--- Problem details ---
Where a line contains "测正缘出现时间（测正缘出现时间牌阵）", begin there and restate word for word every line to the end of the entries below, pictures excluded.

--- Data to use ---
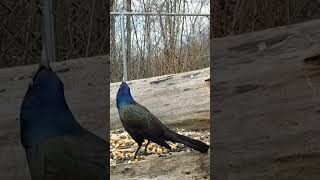 shorts common grackle call [upl. by Silisav556]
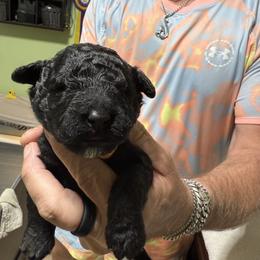 Girl 1 - Black female Portuguese Water Dog puppy in California from Lukos Portuguese Water Dogs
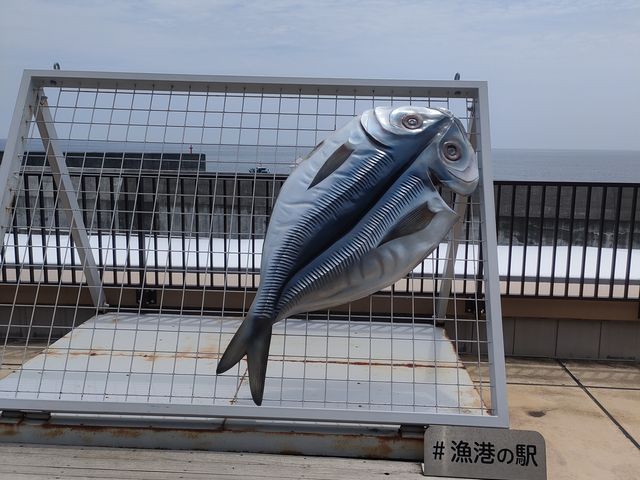 2階からの撮影_漁港の駅 TOTOCO小田原
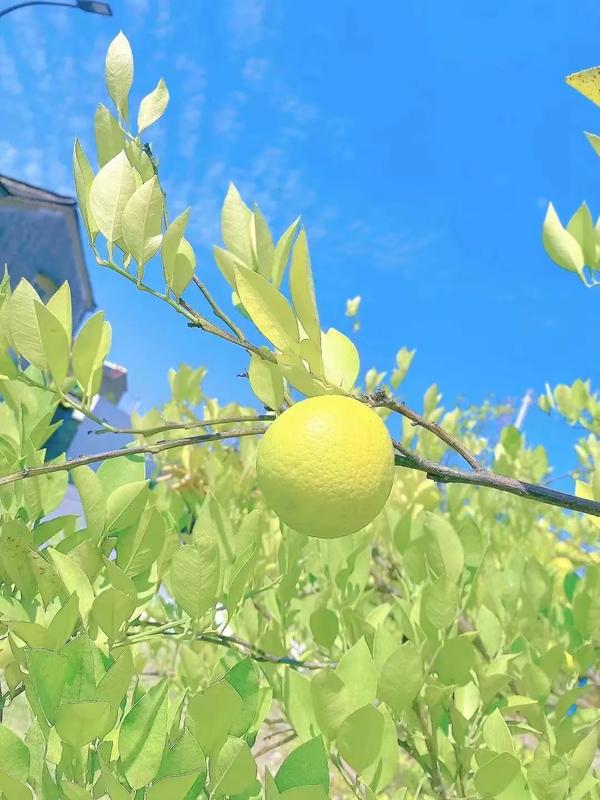 测正缘出现时间（测正缘出现时间牌阵）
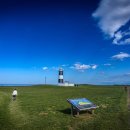 시영목장 이미지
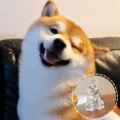 Large Shiba Inu (with Gold Buckle)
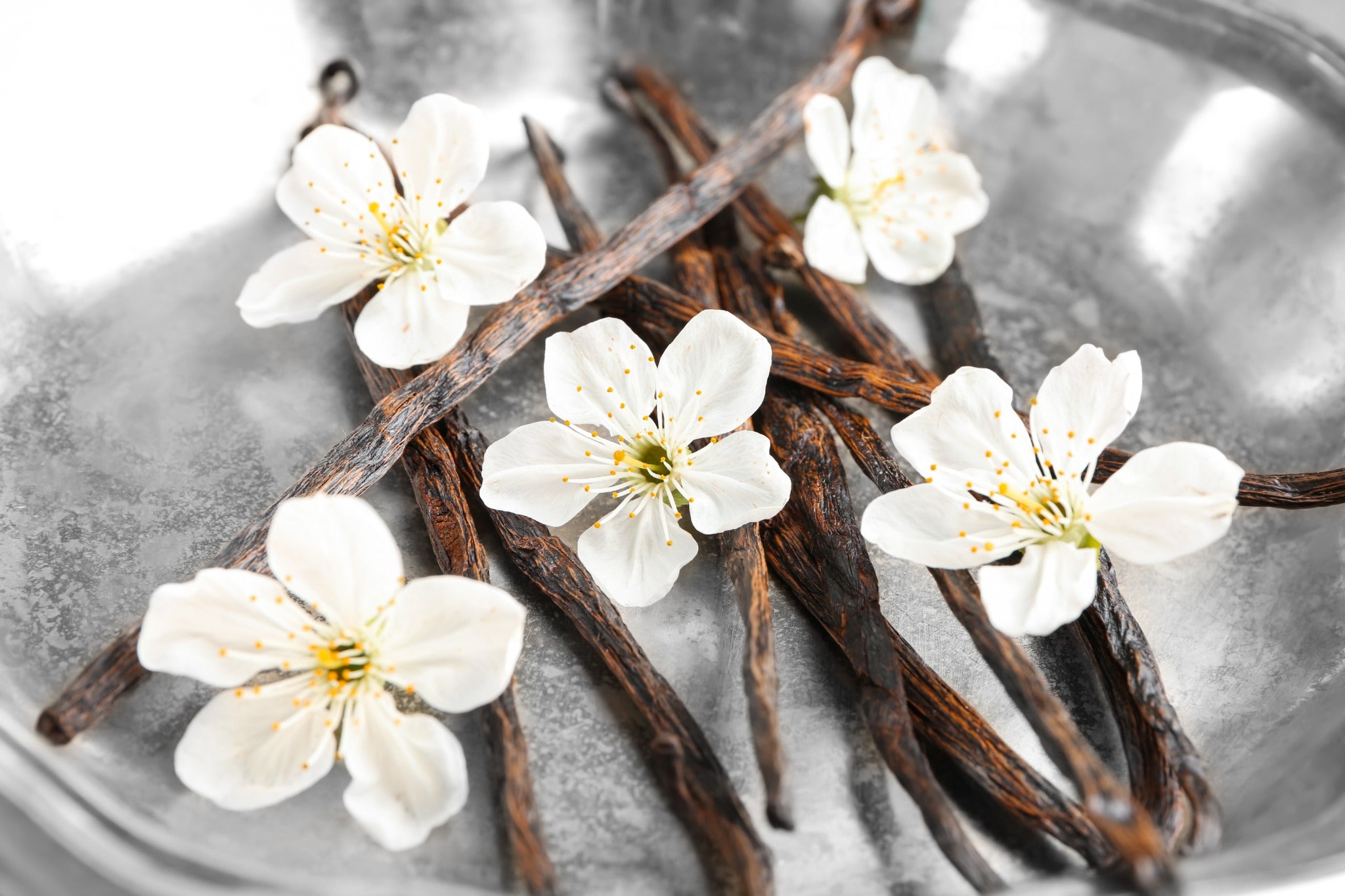 Cherry  Discover The Sweet and Fruity Aroma of Cherry Essential Oil! - The  Refill Shoppe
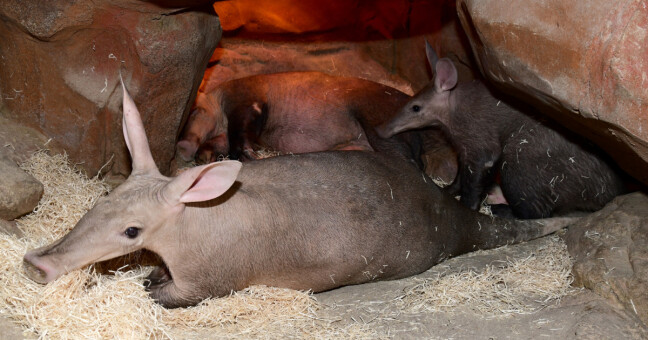 zdroj: Zoo Olomouc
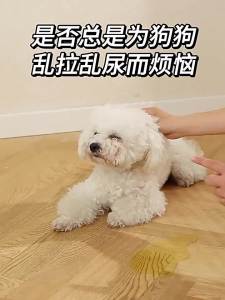 Pet Potty Training Spray Dog toilet training aid dog urination and defecation fixed-point positioning spray pet toilet training guide cat and dog toilet location training liquid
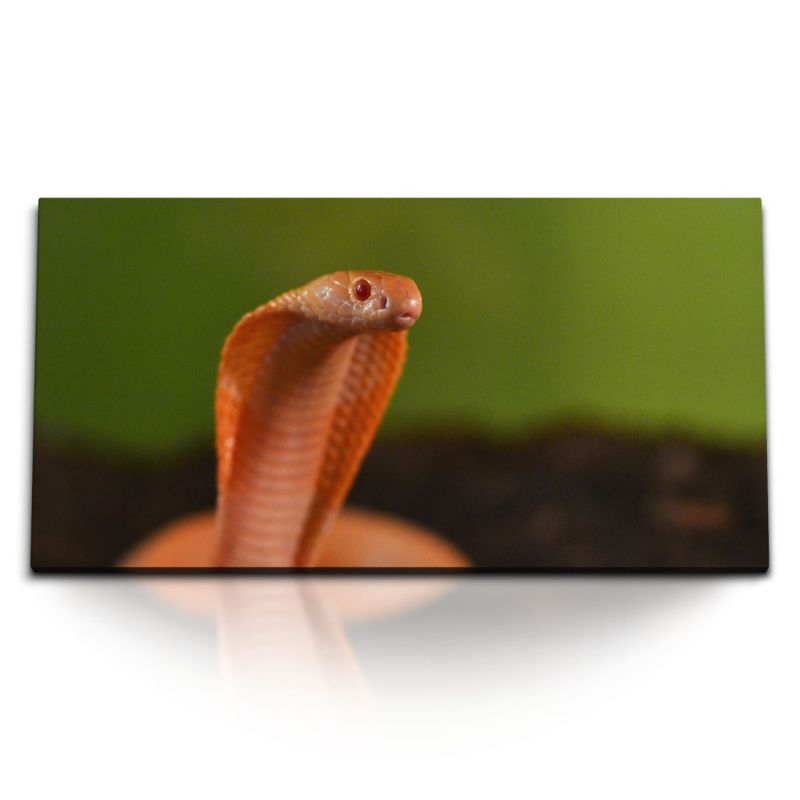 Kunstdruck Bilder 120x60cm Kleine Kobra rote Schlange Reptil Giftschlange Tierfotografie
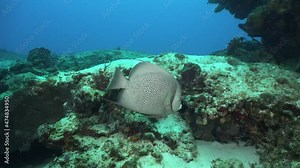 Gray Angelfish (Pomacanthus arcuatus) in Cozumel Mexico Caribbean Sea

--- Result of this exercise ---
 测正缘出现时间（测正缘出现时间牌阵）
 시영목장 이미지
 Large Shiba Inu (with Gold Buckle)
 Cherry  Discover The Sweet and Fruity Aroma of Cherry Essential Oil! - The  Refill Shoppe
 zdroj: Zoo Olomouc
 Pet Potty Training Spray Dog toilet training aid dog urination and defecation fixed-point positioning spray pet toilet training guide cat and dog toilet location training liquid
 Kunstdruck Bilder 120x60cm Kleine Kobra rote Schlange Reptil Giftschlange Tierfotografie
 Gray Angelfish (Pomacanthus arcuatus) in Cozumel Mexico Caribbean Sea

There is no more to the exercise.